South Texas "Rape Tree"
"Rape Trees" began showing up more and more frequently as human smuggling became big business for the drug cartels. Coyotes would frequently rape many of the women who were "in their care" while trafficking them into Texas. After raping the women, they would hang their bras or panties on these trees as trophies of their conquest. Each of these represent Texas crimes.
At a meeting of the Downtown Houston Pachyderm Club, I asked State Representative Dan Branch a question about what would he do as Texas Attorney General to deal with the problem of illegal immigration. I got a vague answer about how this is a federal problem and that he would sue the federal government to recoup the costs associated with illegal immigration. After I quit yawning, I thought back to the answer Texas Railroad Commission Chairman Barry Smitherman gave to the same question.
In an interview I posted on Sept 3rd, I asked Smitherman what role the Texas Attorney General should play in this critical problem for Texans.
"This will be a priority of my office," he stated. Smitherman explained he will, "provide our resources [Texas AG resources] to border DA’s and border sheriffs. The Attorney General’s office does not have primary jurisdiction for prosecuting crimes, but we can be brought in to assist a local DA, or we can take over a case if we are so requested."
He said he would make law enforcement along the border aware that his office wants to help them prosecute crimes. "And I mean all crime. Think of it as New York City did with the broken windows prosecution. I don’t care if you’re jaywalking, if you’re trespassing, if you’re littering, much less DWI, assault, any crime, we need to prosecute, because if we can’t deport illegal aliens, we can certainly put the ones that are breaking the law in jail, and send a clear message: if you’re coming to America, you have to obey the law."
This is where experience matters. You see, Barry Smitherman was a prosecutor. He thinks and acts like a prosecutor. He understands the limited resources that prosecutors in small counties like those in South Texas have to deal with and why it is important to provide assistance from the state level.
When I dove deeper with a follow up question on this topic about how he would actually do this, he responded with a direct and on-point response and never once tried to deflect responsibility to the federal government.
"We should create a unit that would specialize in assisting local DAs to prosecute these crimes," Smitherman responded. "You described it perfectly. What happens is someone comes and they cut a fence or they tear down a fence, they go through a pasture, they stop and have a camp, they litter, they leave all of their remains, then they may break the water well, or otherwise damage the property, maybe break into a shed, steal some equipment – those are all state crimes. They all need to be prosecuted. We don’t need to create a new law, the laws are already there. We just need to put people to work on those cases, putting people in jail."

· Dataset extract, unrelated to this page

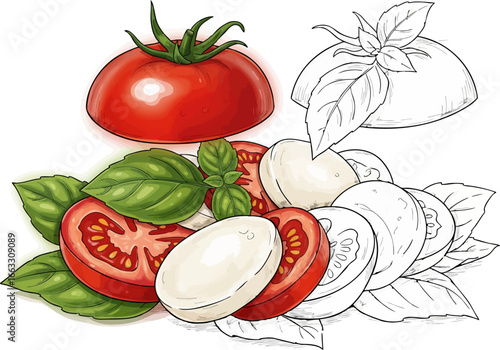 Simple and Elegant A Caprese Salad Sketch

This is what we need in a Texas Attorney General. Smitherman thinks like a prosecutor because he has been a prosecutor. Smitherman understands how to deploy the resources of a state agency because he has run two very large and powerful state agencies. Smitherman understands the problems facing ranchers in South Texas because he has worked closely with them in the past.
Illegal immigration is a federal issue. But, it is the government of the State of Texas that is responsible for the safety of Texans, not the federal government. We need to challenge all candidates for public office on this issue and ask them directly - How will you use your office to protect the citizens of Texas? And then, don't accept a non-answer answer to your question. Drill down and get specifics.